Advice on the Use of the Table

The visual appearance of the Table or altar is important in communicating its meaning. This article offers advice for how to present the Table so that it will serve as a symbol of Christ’s presence with the people at worship.

The Holy Table is the physical focal point of every eucharistic place. It must never be overpowered by decorative architecture or suspended crosses; never compromised by the proximity of other major objects such as a chair, tabernacle, or baptismal font; never trivialized by minor objects such as bookstands, microphones, cruets, flower vases, devotional aids, and the like being left on it. Roman tradition, despite lapses here and there, has always regarded the holy Table as the main architectural symbol of Christ’s abiding presence among his people, recalling to them constantly their fundamental nature as a Table fellowship in him.
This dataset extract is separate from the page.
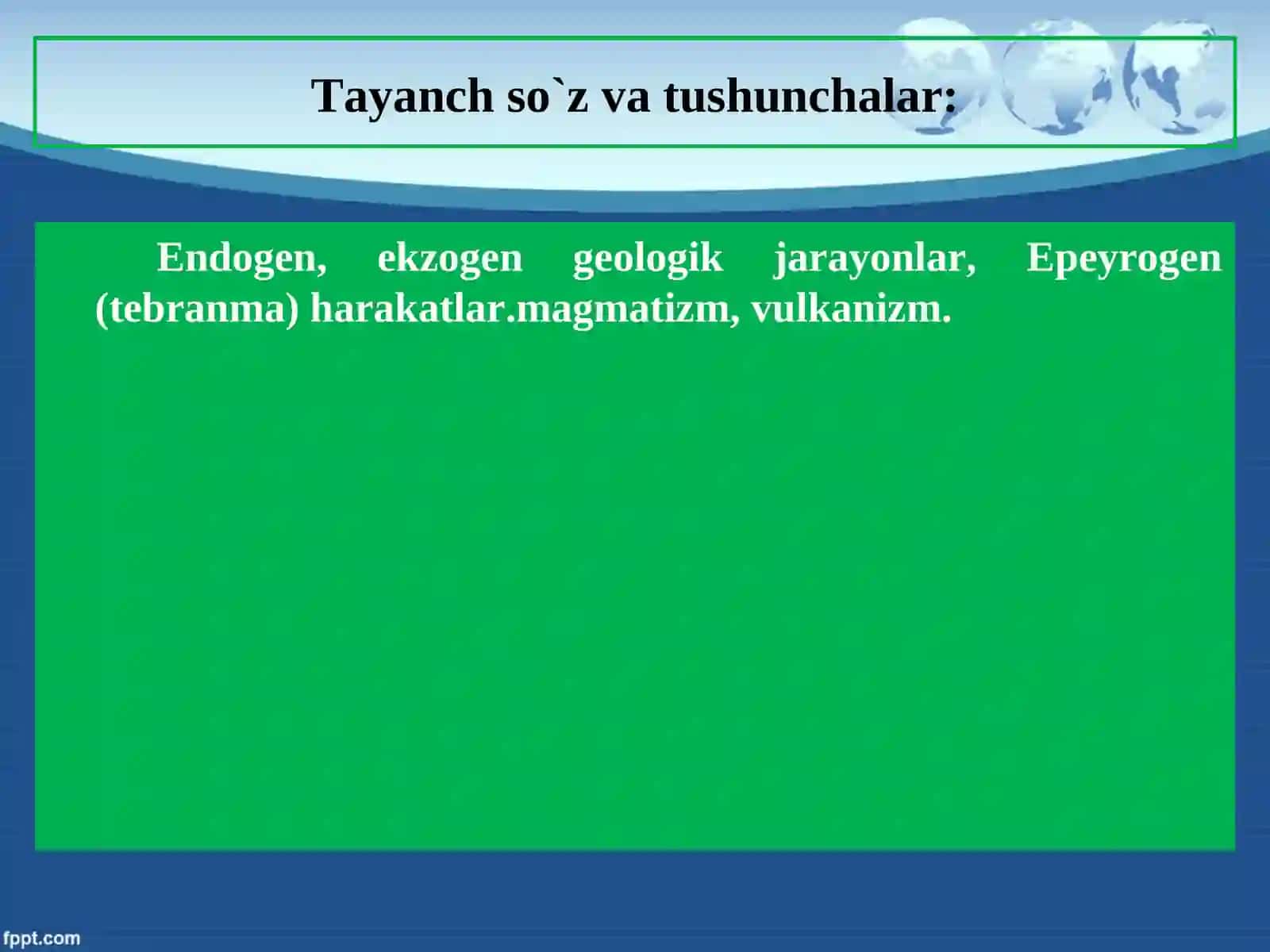 Endogen geologik jarayonlar. Magmatizm 2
The Table in this sense is a “blessed sacrament” in its own way and should be treated with the same degree of reverence accorded the sacrament of Christ’s body and blood. That the integrity of both these sacred symbols of his abiding presence in the Church is maintained is the reason why the reformed liturgy reasserted the Roman tradition of reserving the eucharistic species in a place other than on the eucharistic place’s Holy Table. Altar ornaments such as candlesticks, reliquaries, flower vases, crosses, and the like must be scaled to the Table and are best removed when the Table is not in use. The Table itself should be free-standing, accessible from all sides, more square than long in shape, and itself scaled to the space it occupies. It should have a strong and elemental simplicity to it and possess a certain mass that remains visually constant from whatever angle it is viewed. The space around it should be flat and adequate to accommodate numbers of people and without complicated risers which endanger access and render the space fussy.

The Holy Table is not an idol but a sacramental symbol of the presence of the Unseen. It is consecrated by water and oil similar to the way a Christian is consecrated in baptism.